You may have never heard of the University of Michigan standout, but Derrick Walton Jr. made Miami Heat history this past weekend as the team signed the undrafted point guard to the first two-way contract in franchise history.
The NBA’s new rule, which allow teams to develop prospects without having them poached from their development affiliates, states that two-way players cannot spend more than 45 days per season on an NBA roster. In addition, the rest of their time is to be spent with their team’s development-league affiliate, in the Heat’s case the G-League’s Sioux Falls Skyforce.
Although the 22-year-old’s journey with the Heat will look different than anyone else’s, the youngster is looking forward to the opportunity his rookie year, per Ira Winderman of the Sun Sentinel:
“It’s being able to learn and grow my entire rookie year. It’s all I’m focused on. I’m in a unique situation, but I’m in a unique situation as far as learning,” Walton said Monday at Jesse J. McCrary, Jr. Elementary School, where he represented the Heat at a back-to-school event.
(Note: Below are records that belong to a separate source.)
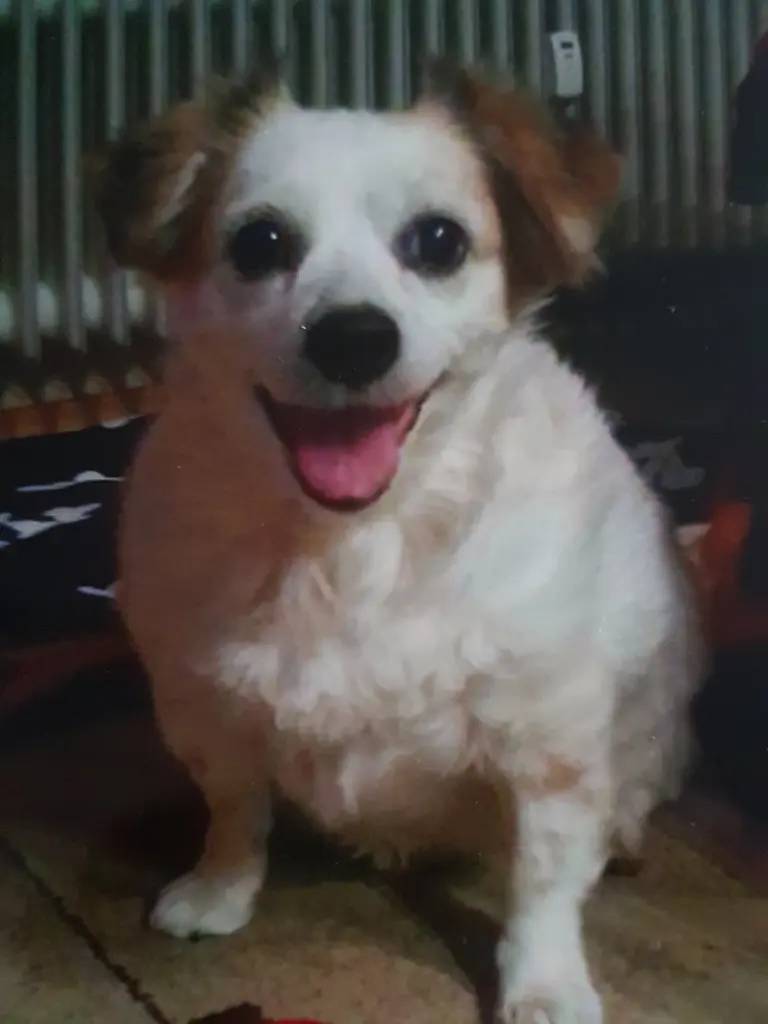 Condolence image of Thomas,Elke und Elina mit Blanqjita im Herzen 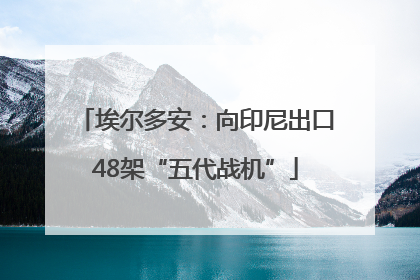 埃尔多安：向印尼出口48架“五代战机”
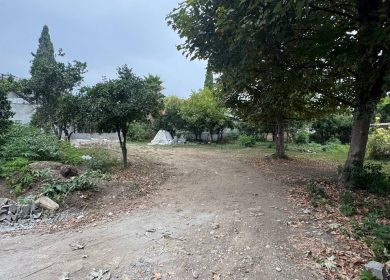 خرید زمین بافت مسکونی سند تک برگ 3000 متری الیمالات نور | 3000 متر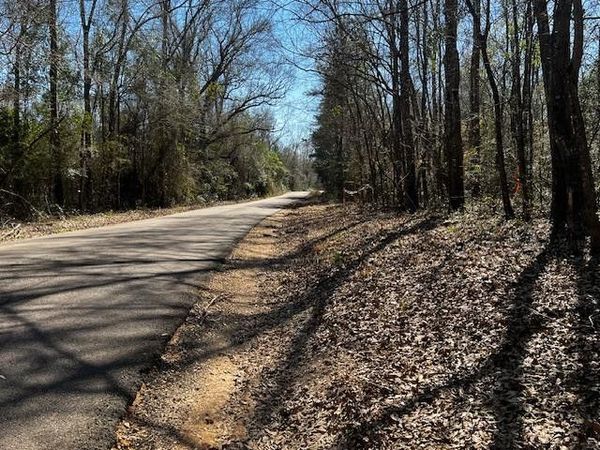 Lot #3 Jessie Stogner Road, Sandy Hook, MS 39667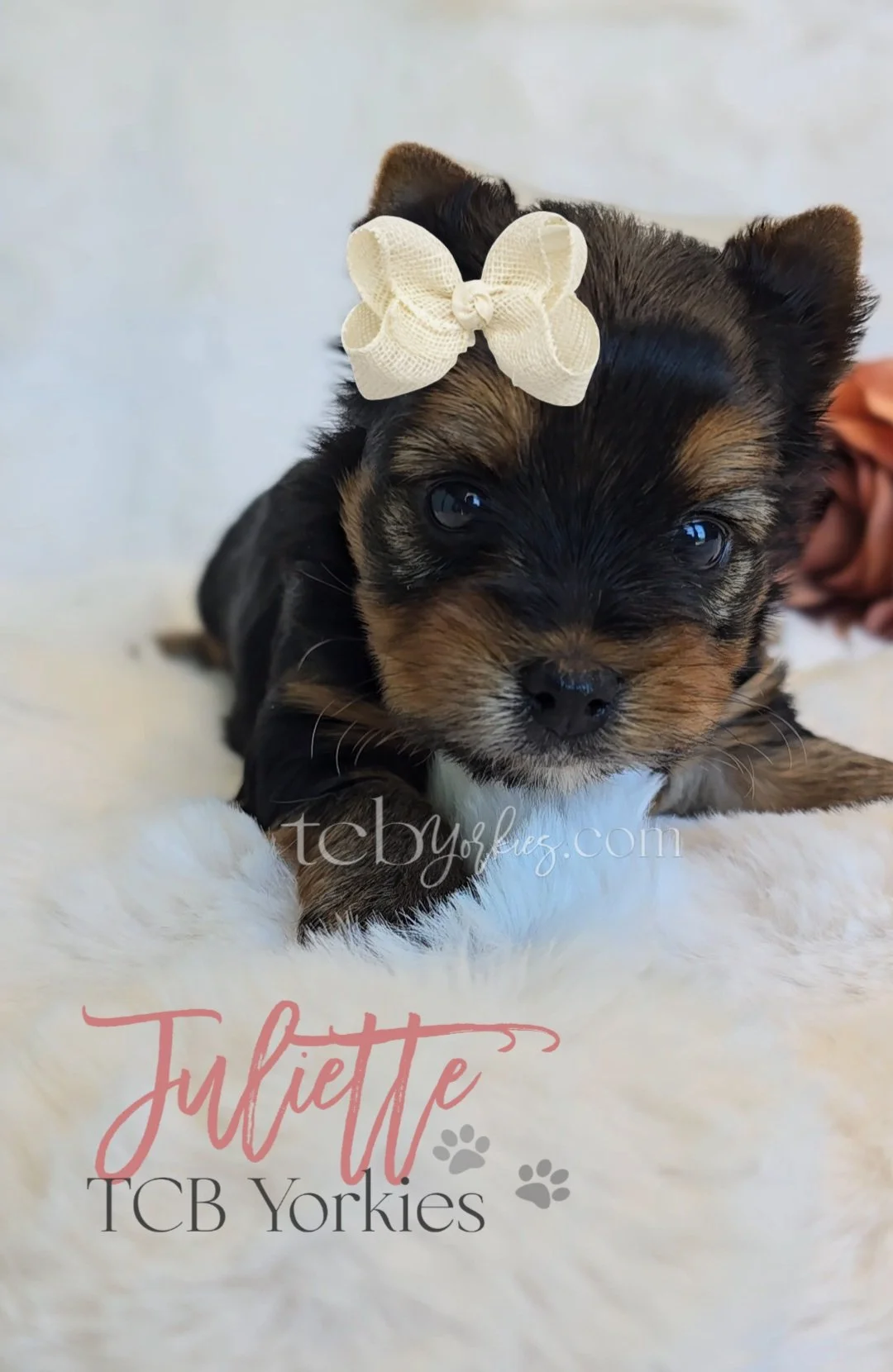 Cute Yorkie puppy with black and tan fur, lying on a soft white surface, wearing a cream-colored bow on its head.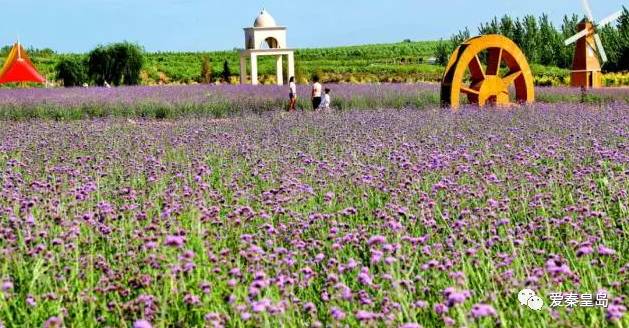 秦皇岛即将开的花海,秦皇岛最近的新花海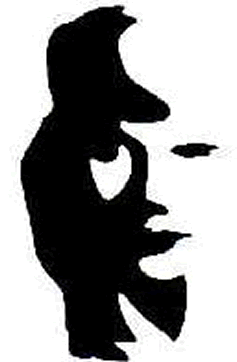 237x362 Two Faces Or A Vase Old Or Young Lady Simple But Wonderful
The Heat have been adept at developing players and uplifting their careers (eg. Tyler Johnson and Hassan Whiteside). However, they’ve also seen other teams swipe players that they’ve refined, like guard Briante Weber. As far as Walton, the Heat know they’ve secured him for now, and he can put his trust into the world-class organization:
“I’m just be ready to part of the organization and put my hard hat on and go to work every single day,” Walton said.
In four seasons with Michigan, the 6-footer averaged 11.6 points on 40.1 percent three-point shooting. In his final year, Walton led the Wolverines in scoring with 15.5 points a game.
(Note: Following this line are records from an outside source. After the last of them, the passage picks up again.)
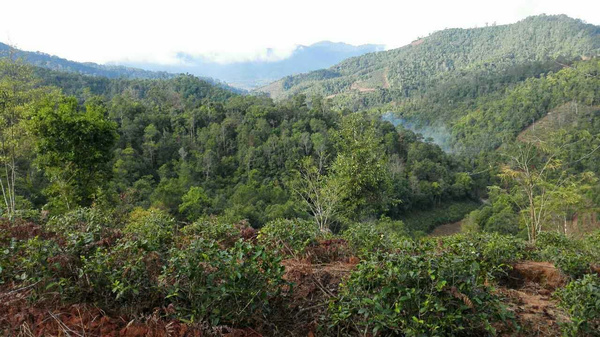 黄龙山普洱：探索云南古茶文化与自然风光的完美结合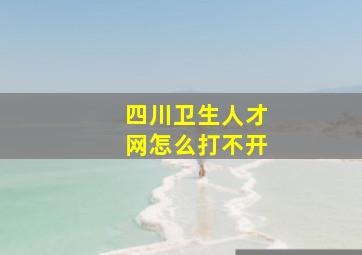 四川卫生人才网怎么打不开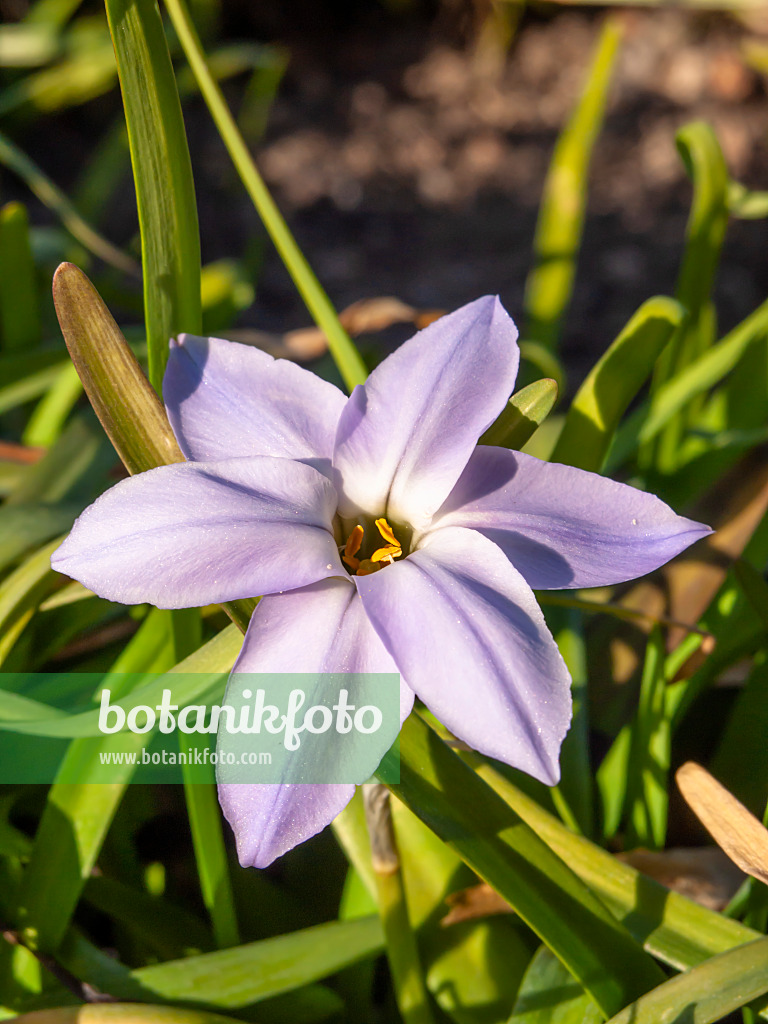 424008 - Einblütiger Frühlingsstern (Ipheion uniflorum)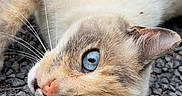 Naya participe au concours pour gagner de l'argent avec cette photo : cat, feline, pet, animal, upside_down, lying_down, gravel, outdoor, blue_eyes, whiskers, close_up, portrait, fur, calico, cream_fur, brown_fur, pink_nose, ears, playful, photography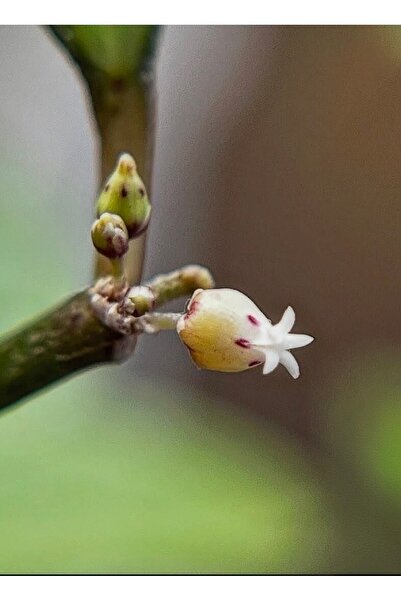 SİMAN BOTANİK Dischidia Singularis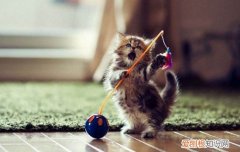 什么是猫的应激 猫应激是什么意思,猫应激反应是什么意思,什么是猫应激反应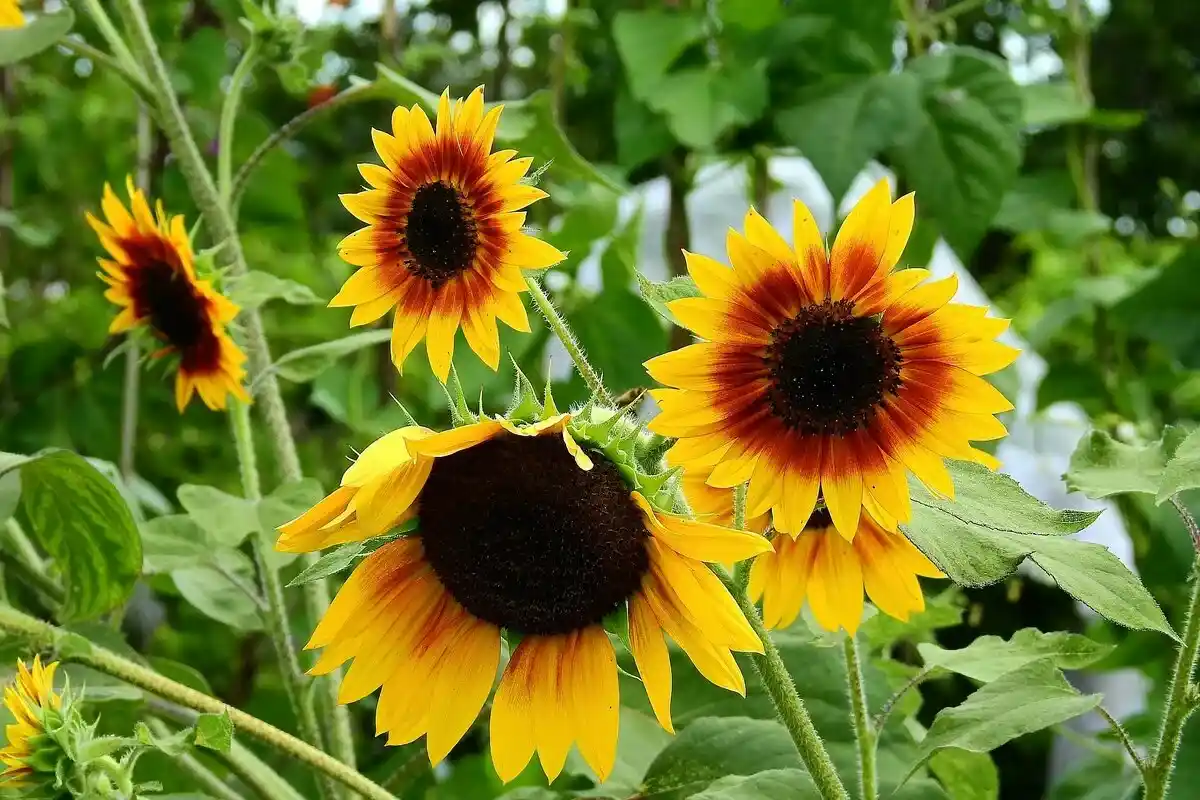 Cinco Plantas que Transformam o Teu Jardim num Paraíso para Borboletas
Despite the sound numbers, the guard wasn’t drafted in June. Refusing to quit, Walton had a tremendous run with the Orlando Magic in the NBA Summer League.
Putting up 10.0 points and 3.5 assists per game in four games during Summer League, the Heat noticed the speedster’s advancement and made their move quickly.
“We just had a mutual interest in joining each other and making something work out,” Walton said of moving from the Magic’s summer schooling to the Heat’s developmental program, “and when the opportunity presented itself, we both took it.”
It’s not the most ideal situation Walton was looking for, but it’s one he’ll take. Because of the salary limitation, a two-way player who spends the maximum 45 days on an NBA roster tops out at about $275,000 for the season, compared to the $816,000 minimum for a rookie on a standard NBA contract. Nonetheless, Walton will be looking forward to working with the championship organization:
“It’s a world-class organization, great people and we work,” said Walton. “So it’s pretty much everything I’m accustomed to.”